Seven Muslim vigilantes had been put on trial in Wuppertal earlier for falsely wearing uniforms inscribed with “Sharia Police” while patrolling the streets of Wuppertal at night in September 2014.
Their vigilante patrols, openly challenging North-Rhine Westphalia’s own police force, was met with country-wide condemnation, as paragraph 3 of the German federal law clearly prohibits the public display of uniforms, uniform parts, or similar gear to communicate collective political persuasion.
Germany’s Federal Court of Justice ruled on Thursday that a regional court had made a mistake in November 2016 to acquit the Muslim vigilantes, because the chamber had not examined the impact of the vigilantes’ actions on the public.
The Federal Court of Justice, known in German as the Bundesgerichtshof (BGH), is Germany’s highest court of criminal and civil jurisdiction and is based in Karlsruhe, alongside Germany’s top Constitutional Court, the Verfassungsgericht.
The Karlsruhe judges said there should be an investigation as the whether the “Sharia Police” intimidated the public.

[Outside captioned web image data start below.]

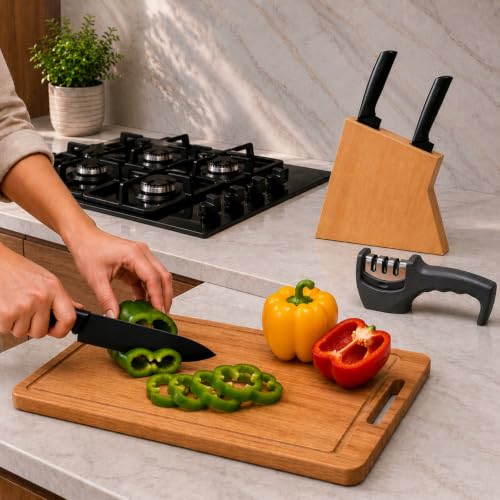 Image of GO STORE Set of 3 Kitchen Knives with Knife Sharpener | Stainless Steel Sharp Chef Knives | Ergonomic Handle | Chopping, Slicing, and Dicing for Vegetables, Fruits, and Meat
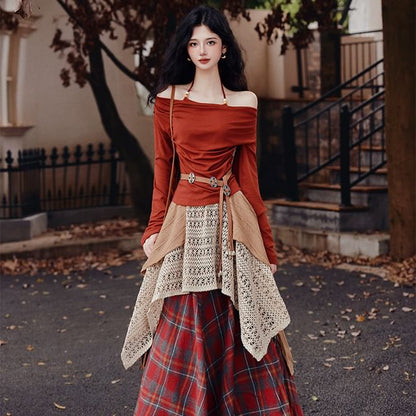 Off-Shoulder Top and Plaid Maxi Skirt with Belt Set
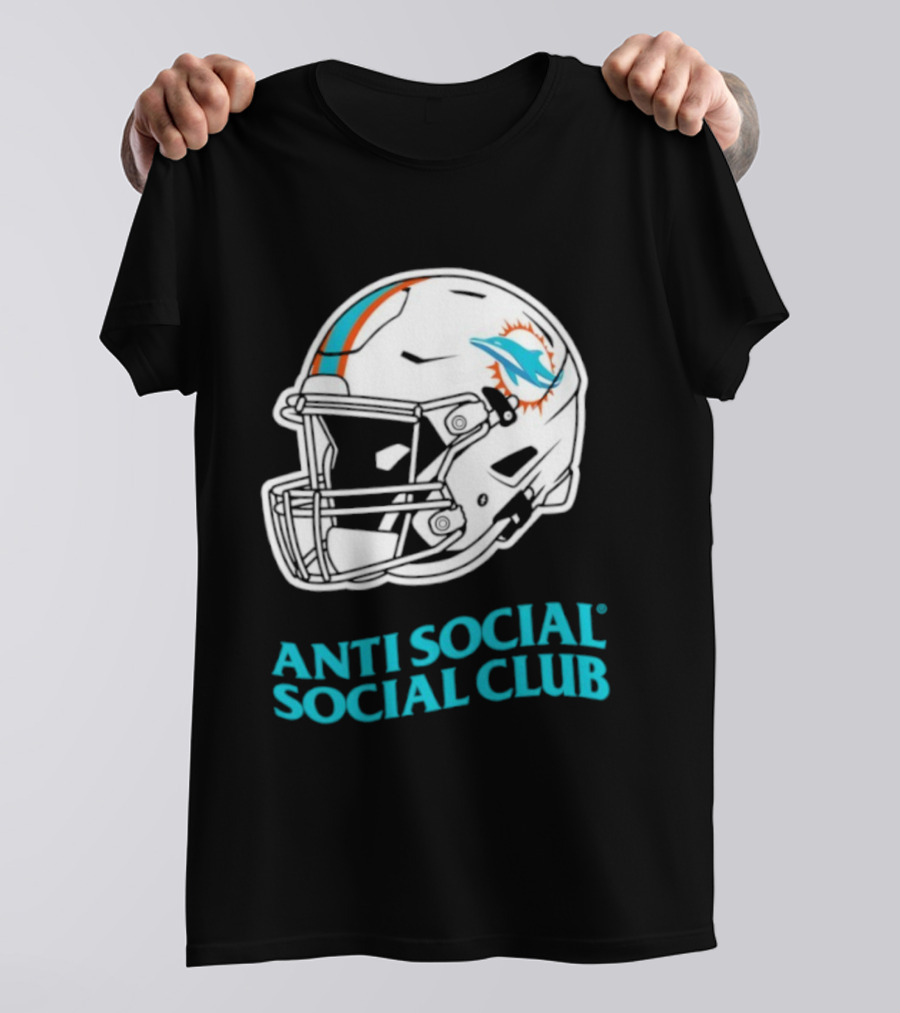 Miami Dolphins Anti Social Social Club Helmet Collaboration T-Shirt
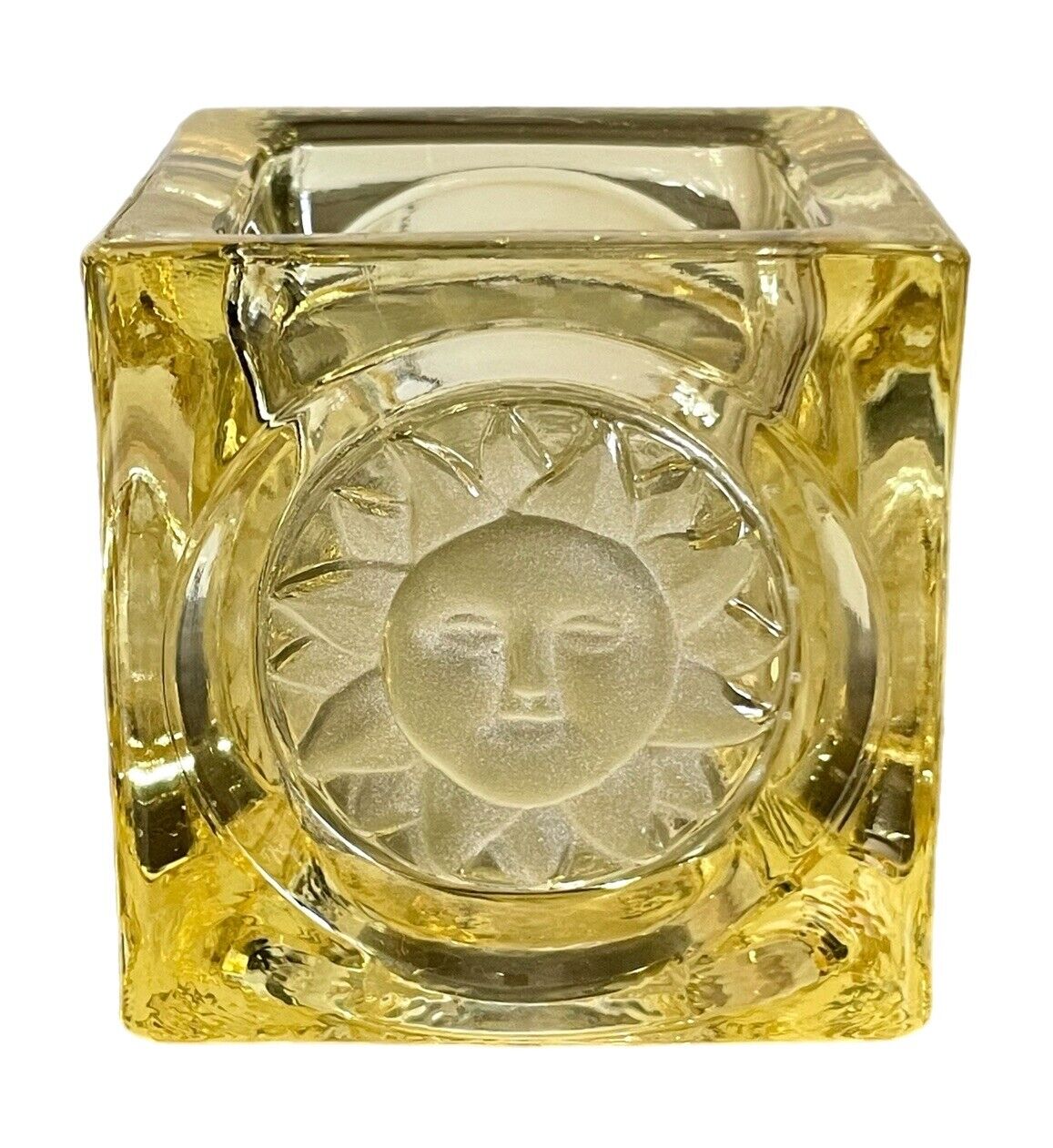 Viking Glass Cube Yellow Sun Block Candle Glimmer Votive Holder 8125 W/ Sticker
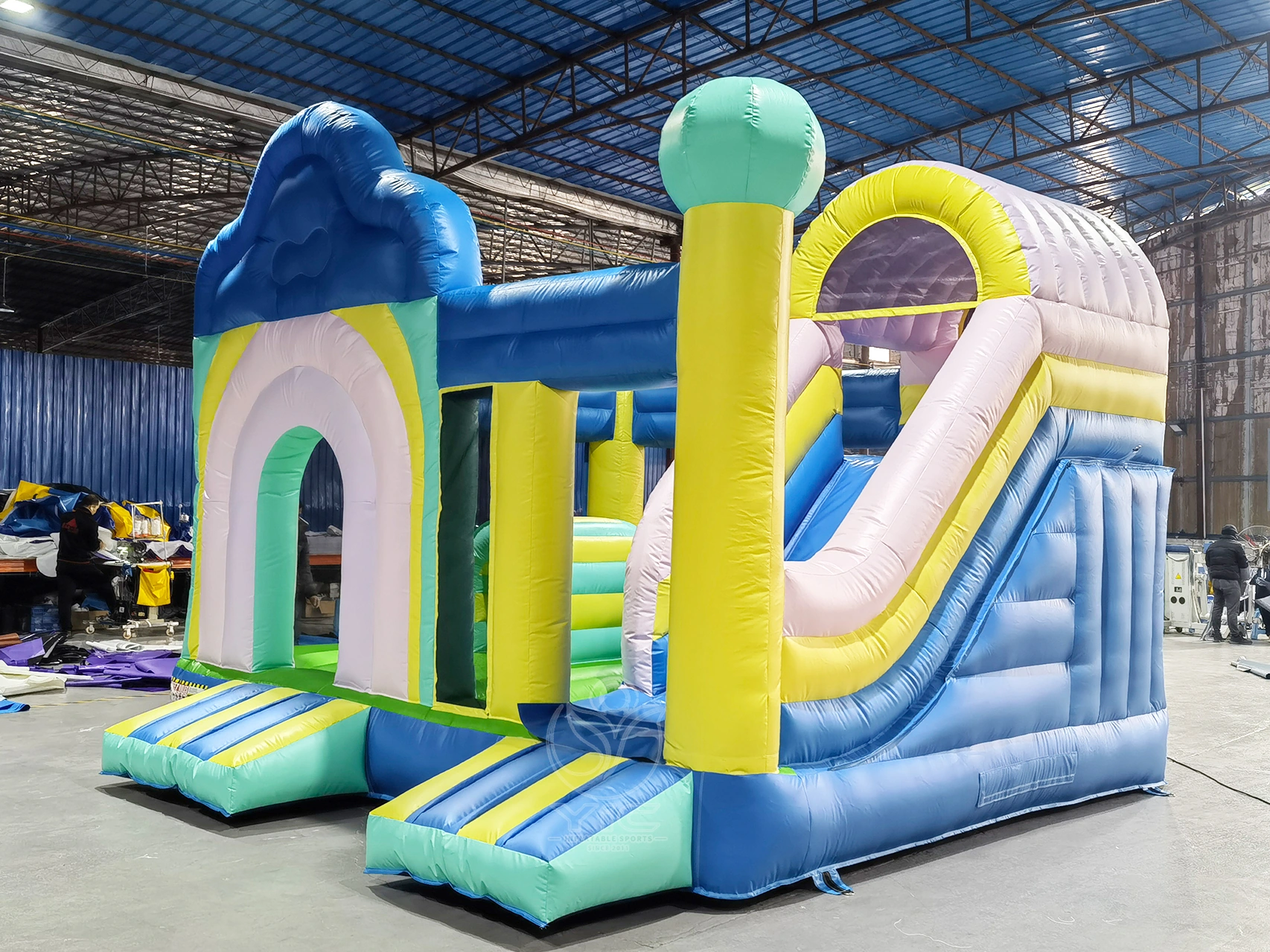 Pastel bounce house slide product photo 2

The case revision had been sought by public prosecutors, after the Wuppertal regional court ruled that the vigilantes “had not broken German law” accosting the public.

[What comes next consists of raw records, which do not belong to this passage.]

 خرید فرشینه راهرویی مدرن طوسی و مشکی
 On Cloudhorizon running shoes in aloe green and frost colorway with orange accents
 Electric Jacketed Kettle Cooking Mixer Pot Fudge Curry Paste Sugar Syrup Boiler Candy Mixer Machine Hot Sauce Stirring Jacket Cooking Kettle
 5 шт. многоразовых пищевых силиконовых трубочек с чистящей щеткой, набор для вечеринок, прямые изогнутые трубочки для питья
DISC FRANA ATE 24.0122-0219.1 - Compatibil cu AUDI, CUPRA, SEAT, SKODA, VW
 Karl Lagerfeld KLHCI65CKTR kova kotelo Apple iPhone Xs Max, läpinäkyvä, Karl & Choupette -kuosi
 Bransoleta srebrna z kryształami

Its judicial panel concluded that the law was mainly aimed at Nazi sympathisers, and only applicable if uniforms were “suggestively militant or intimidating”. The vigilantes had stated during the first trial that they had been deployed to police young Muslims.
In July last year, a Dusseldorf court sentenced Sven Lau, a German Salafist convert and Islamist preacher, who had formed the “Sharia Police” group, to five and a half years in prison.

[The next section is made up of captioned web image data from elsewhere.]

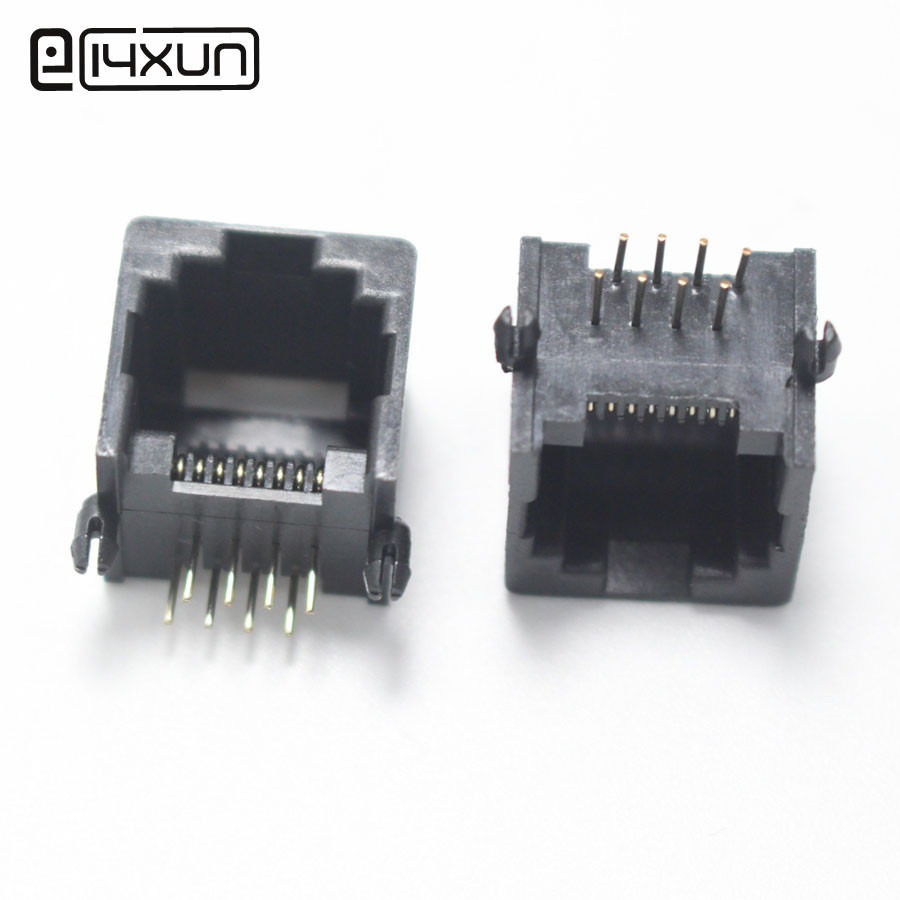 ♚5pcs RJ45 / RJ11 Telephone jack Connectors 180 Degrees Socket 8P8C ...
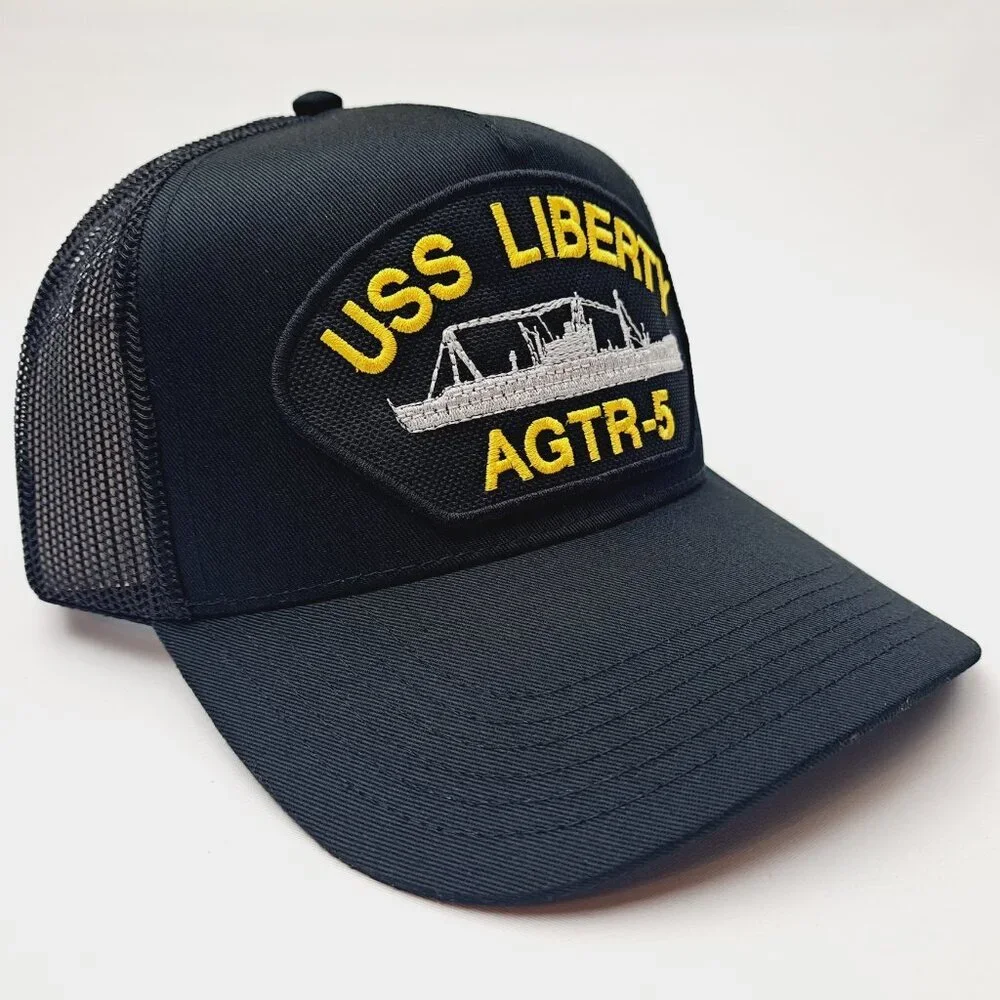 USS Liberty AGTR-5 Patch Hat Baseball Cap Mesh Adjustable Snapback Black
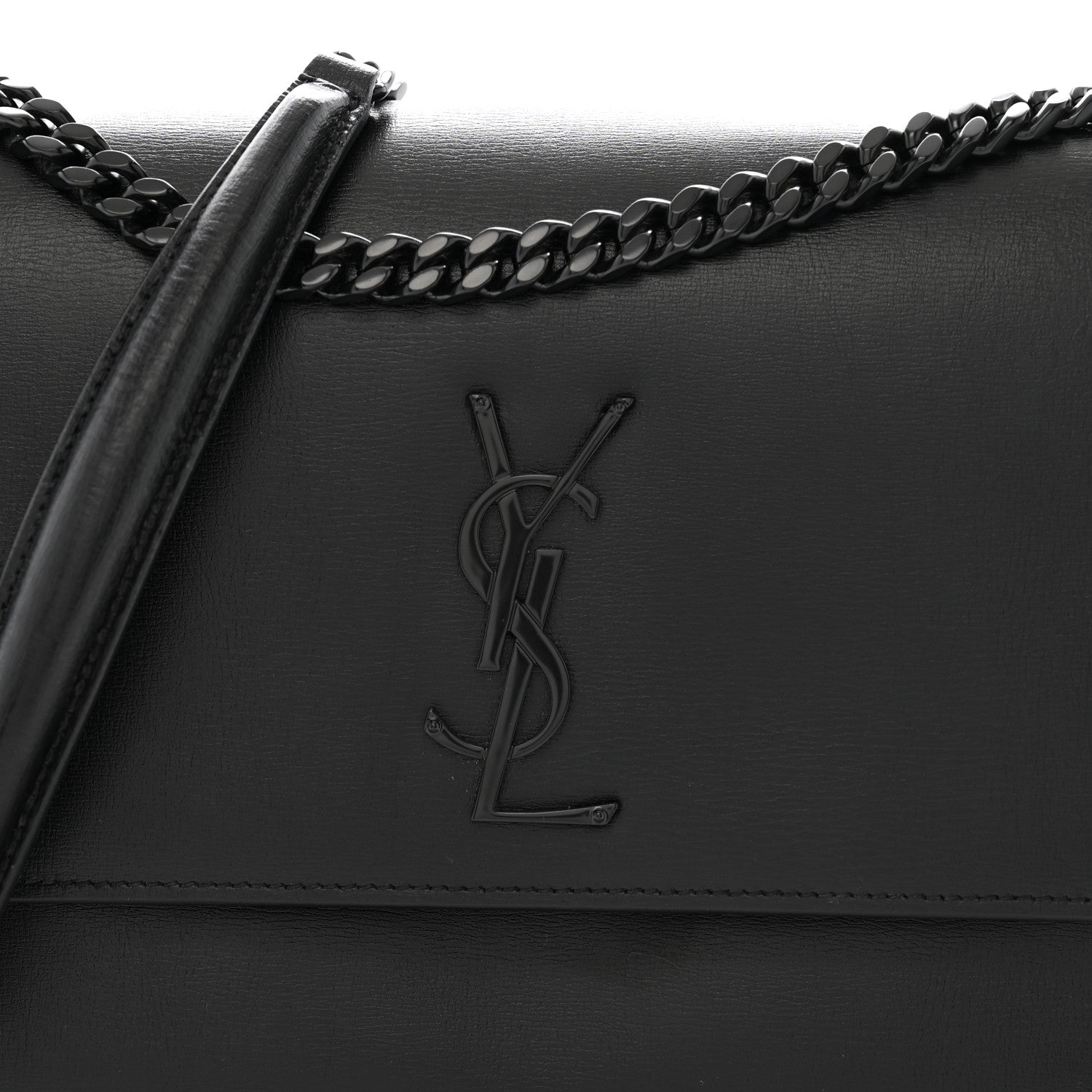 Saint Laurent Calfskin Large Monogram Monochrome Sunset Black 9 of 14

In Celle, in north Germany, moreover, a witness testified at the trial of Abu Walaa, an Islamic State recruiter, in November that Walaa, together four other accused, had obtained pistols fitted with silencers to retaliate for the official intervention in Wuppertal.
One of the four co-defendants in the trial Walaa is said to have planned an attack on police officers in Wuppertal.
The attack was planned to take place in the summer of 2015, a revenge response for an intervention by a police command in Wuppertal, but a key witness heavily incriminated the main defendant.
“We had been called to use violence in the name of Allah,” the 23-year-old German Turk Anil O. testified in court. The chief witness described his radicalisation and instruction by two of the defendants in the Ruhr. “We were presented with two options: The armed struggle in Germany, that is, to commit attacks here, or the exit to ISIS,” the witness continued.
The Federal Prosecutor’s Office believe Abu Walaa is the central leader of ISIS in Germany. The witness Anil O. is a former ISIS sympathiser from Gelsenkirchen, in North Rhine-Westphalia. He has since renounced ISIS and testified against his former comrades.
He currently lives with his wife in a witness protection program.